Court: Bombay High Court
Citation: 2026:BHC-OS:7533-DB
Decision Date: 25-03-2026
List of Laws
Mumbai Municipal Corporation (Service) Regulations, 1989; Mumbai Municipal Corporation (Pension) Rules; Prevention of Corruption Act, 1947; Indian Penal Code, 1860; Service Law - Principle of 'No Work No Pay'; Constitution of India, Article 226
- Facts: The Petitioner, a Medical Officer with the Municipal Corporation of Greater Mumbai (MCGM), was arrested by the Anti-Corruption Bureau (ACB) in 1986 for allegedly accepting a bribe. Consequently, he remained under suspension from 29 November 1986 to 9 May 1990. Although he was eventually acquitted of all charges in 1989 and reinstated in 1990, the MCGM refused to treat his suspension period as "on duty" for the purpose of full pay and allowances. Instead, the Municipal Commissioner regularized the 1257-day suspension period by adjusting it against the Petitioner's earned leave and half-pay leave, treating the remainder as leave without pay. The Petitioner challenged this decision, seeking full backwages and for the period to be treated as duty for all purposes, especially since he was later compulsorily retired in 2005 following a second, separate ACB trap.
- Procedural Posture: The Petitioner filed a Writ Petition under Article 226 of the Constitution of India before the Bombay High Court, seeking a direction to the Respondents to treat the 1986–1990 suspension period as duty and grant full pay and allowances.
- Issue: Whether a municipal employee is automatically entitled to full salary and allowances for a suspension period upon acquittal in a criminal trial, and whether the Competent Authority has the discretion to treat such a period as leave instead of duty.

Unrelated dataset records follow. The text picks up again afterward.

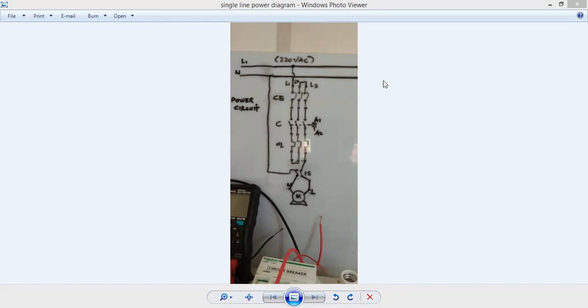Today what I'm going to do is discuss this power diagram. What I have here on my screen is a simple single-phase power diagram. In motor control, there are two diagrams we need to understand: the power circuit or power diagram, and the control diagram. Today I'm going to walk you through a very simple single-phase power diagram.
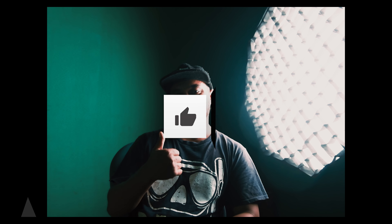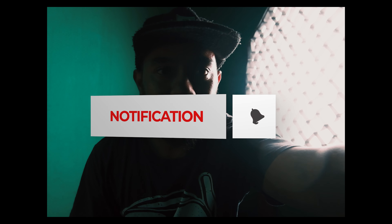Thank you, don't forget to like and subscribe.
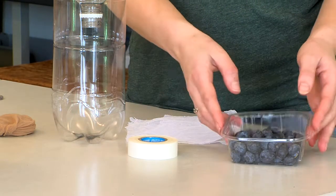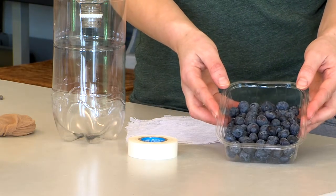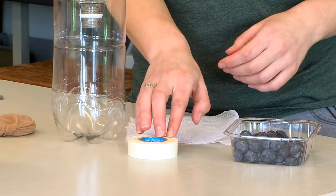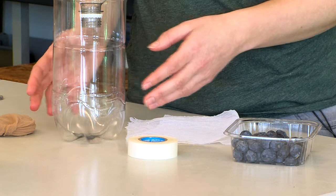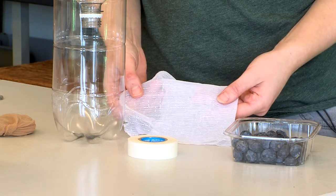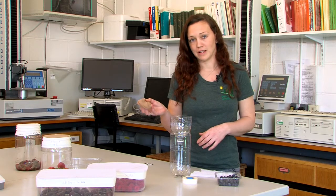To do the emergence test you will need a punnet of ripe fruit that has been randomly selected from a vulnerable area of crop, a roll of electrical tape, a clear container, and a fine mesh to cover the container with. The mesh needs to be 0.8 millimeters in size, as anything larger than this and the flies can escape. You can use any fine material such as offcuts from net curtains or even a pair of tights.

- Holding: No, the Petitioner is not automatically entitled to full backwages. The Court upheld the Competent Authority's discretion to regularize the suspension period as leave.
- Reasoning: The Court reasoned that under Regulation 75 of the Mumbai Municipal Corporation (Service) Regulations, 1989, the payment of full salary is not an automatic consequence of acquittal. Distinguishing between cases where the employer initiates prosecution (e.g., misappropriation) and cases where an employee is arrested for private or criminal conduct (e.g., bribery traps), the Court noted that the employer should not be saddled with the financial burden of "no work" when the employee's own conduct led to the incarceration. Relying on "Krishnakant Raghunath Bibhavnekar vs. State of Maharashtra", the Court held that the Disciplinary Authority has the legal right to consider the circumstances and deny full backwages. Since the Petitioner was embroiled in criminal proceedings not at the behest of the MCGM, the principle of "no work no pay" was applicable. The regularization of the period into various kinds of leave was deemed a valid exercise of discretionary power.